-- EXERCISE PROMPT --
Please, without the pictures, restate every entry exactly.

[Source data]
··········

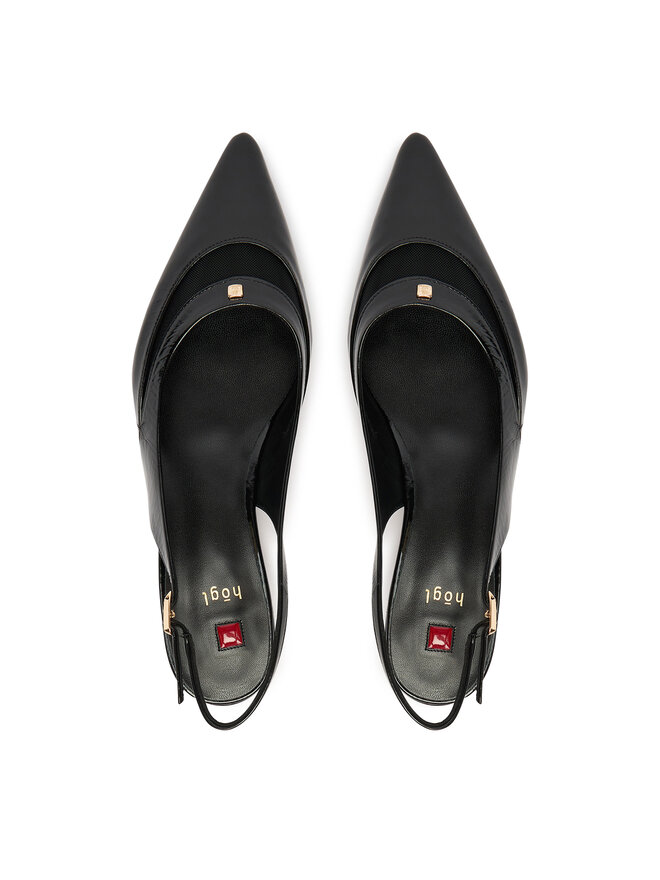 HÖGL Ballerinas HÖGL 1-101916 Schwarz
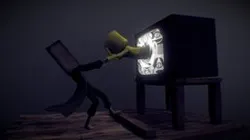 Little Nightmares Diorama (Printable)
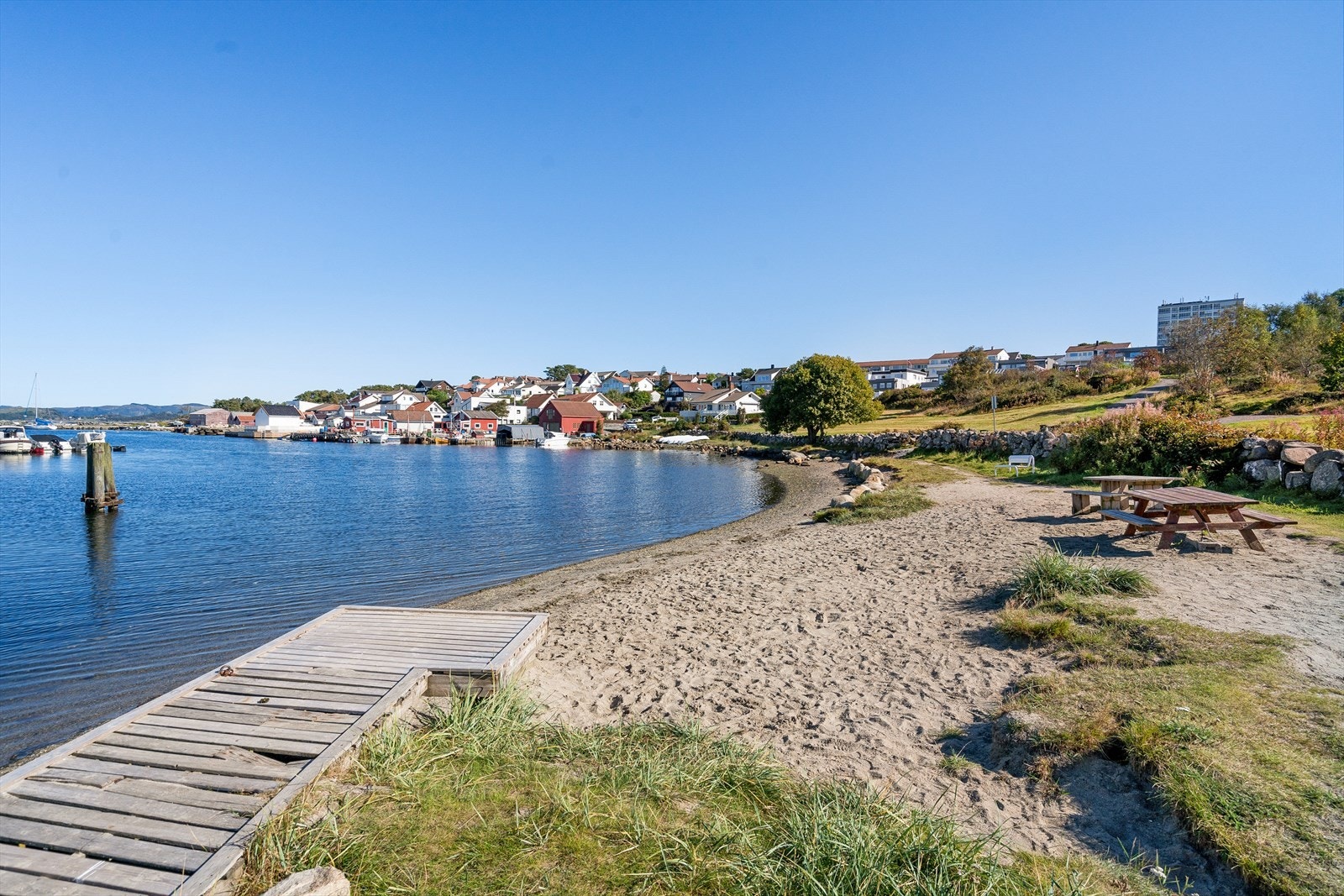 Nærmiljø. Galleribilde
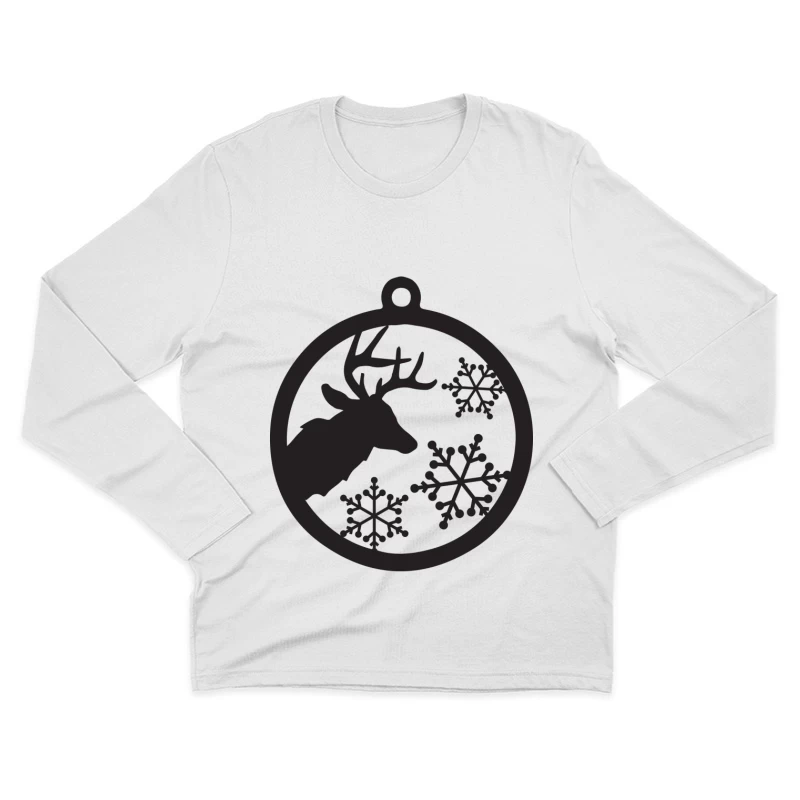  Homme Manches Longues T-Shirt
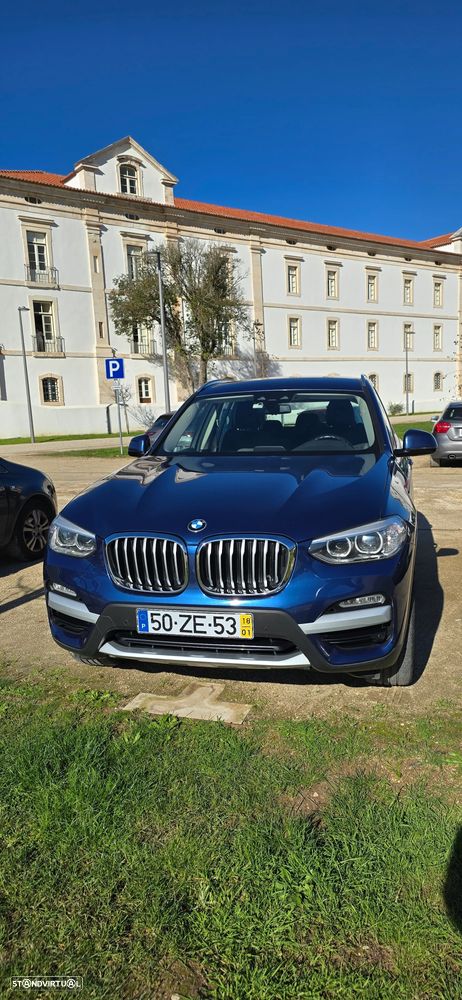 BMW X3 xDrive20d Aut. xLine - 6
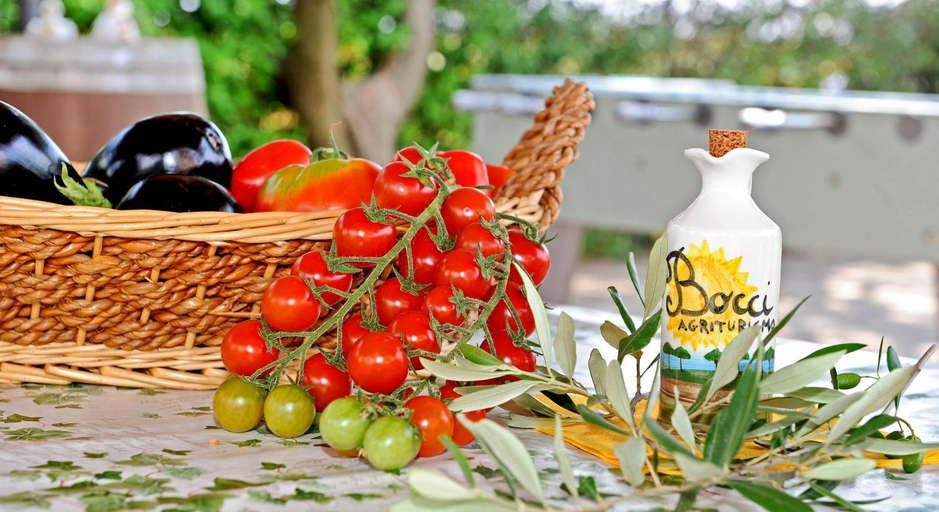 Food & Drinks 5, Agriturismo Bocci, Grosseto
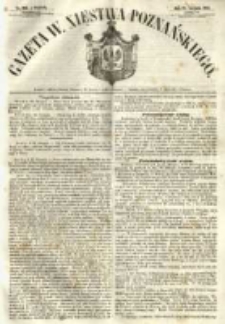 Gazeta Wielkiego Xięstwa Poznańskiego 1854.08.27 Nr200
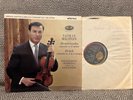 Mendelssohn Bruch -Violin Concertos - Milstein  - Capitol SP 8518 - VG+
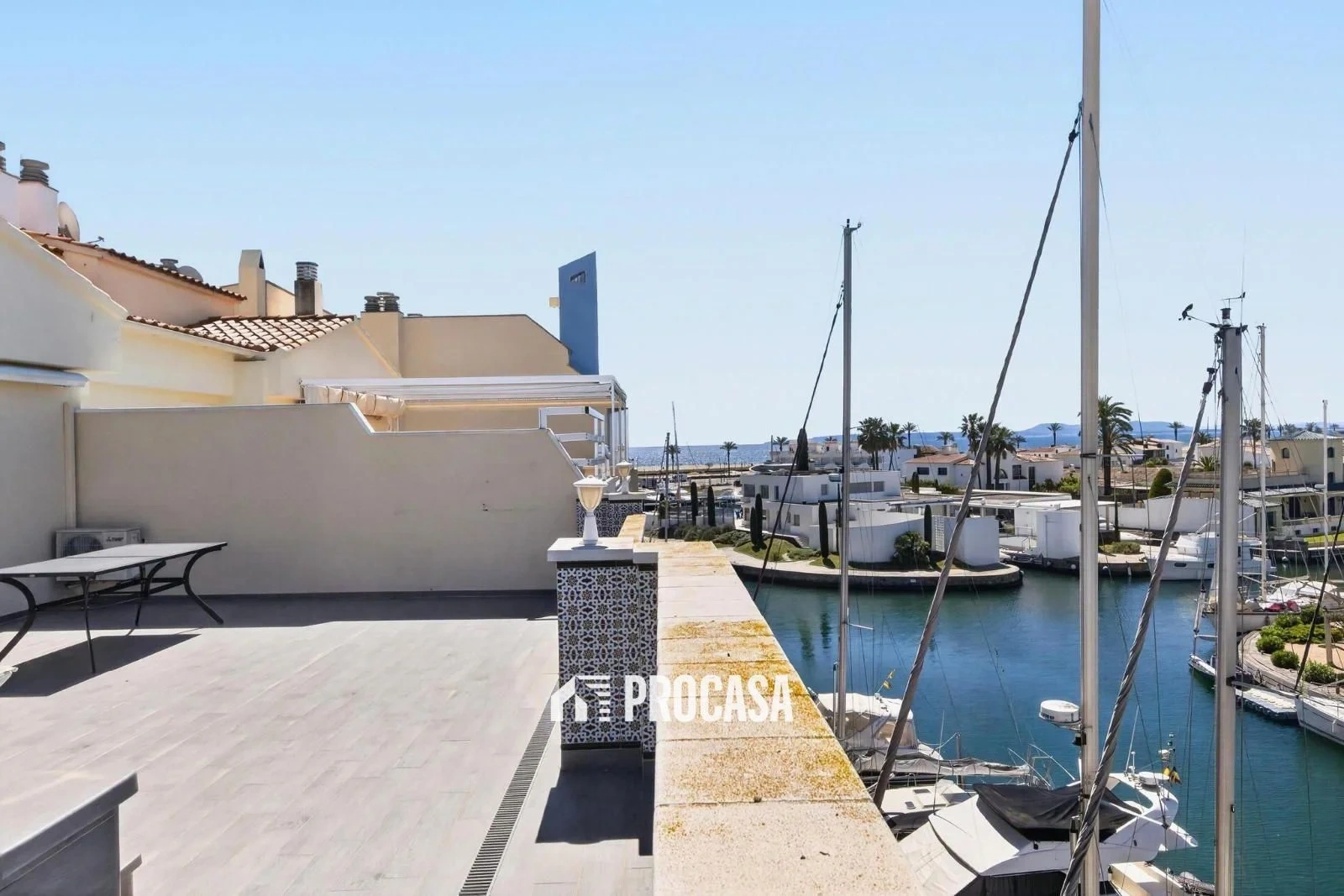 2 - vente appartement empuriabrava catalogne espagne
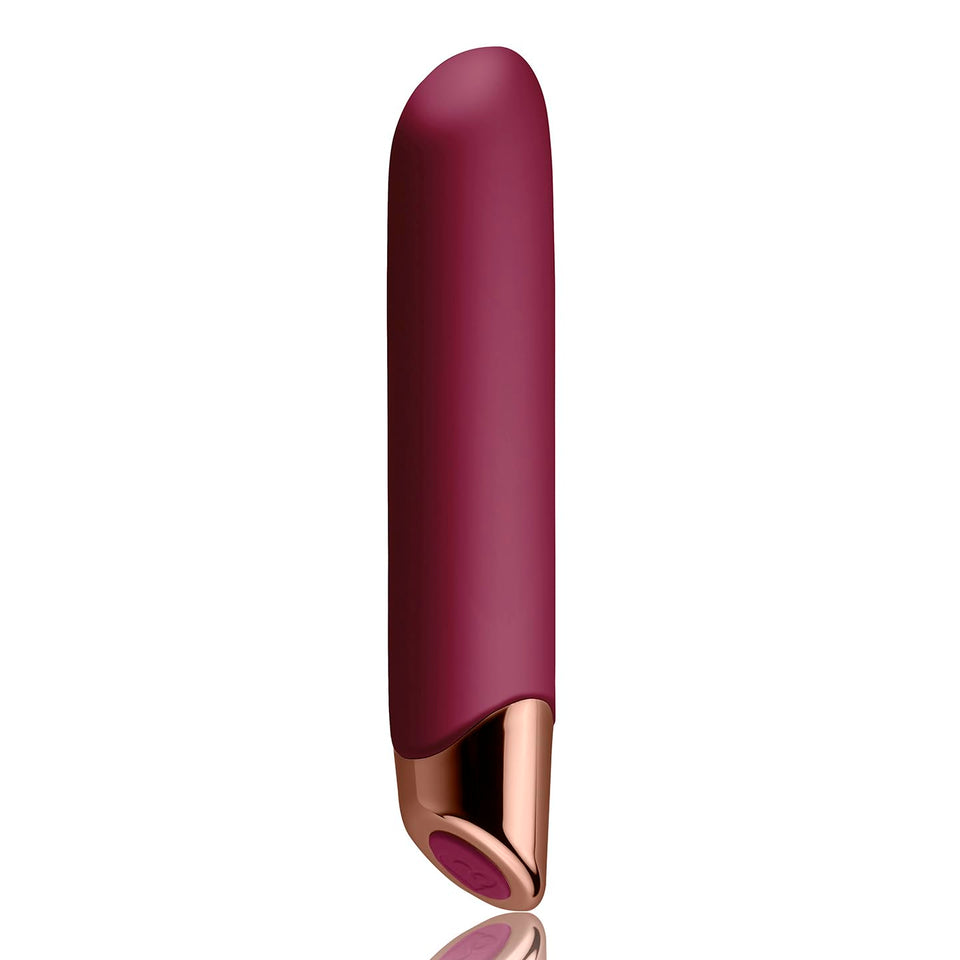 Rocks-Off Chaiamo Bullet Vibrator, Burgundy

··········

-- YOUR SOLUTION --
 HÖGL Ballerinas HÖGL 1-101916 Schwarz
 Little Nightmares Diorama (Printable)
 Nærmiljø. Galleribilde
  Homme Manches Longues T-Shirt
 BMW X3 xDrive20d Aut. xLine - 6
 Food & Drinks 5, Agriturismo Bocci, Grosseto
 Gazeta Wielkiego Xięstwa Poznańskiego 1854.08.27 Nr200
 Mendelssohn Bruch -Violin Concertos - Milstein  - Capitol SP 8518 - VG+
 2 - vente appartement empuriabrava catalogne espagne
 Rocks-Off Chaiamo Bullet Vibrator, Burgundy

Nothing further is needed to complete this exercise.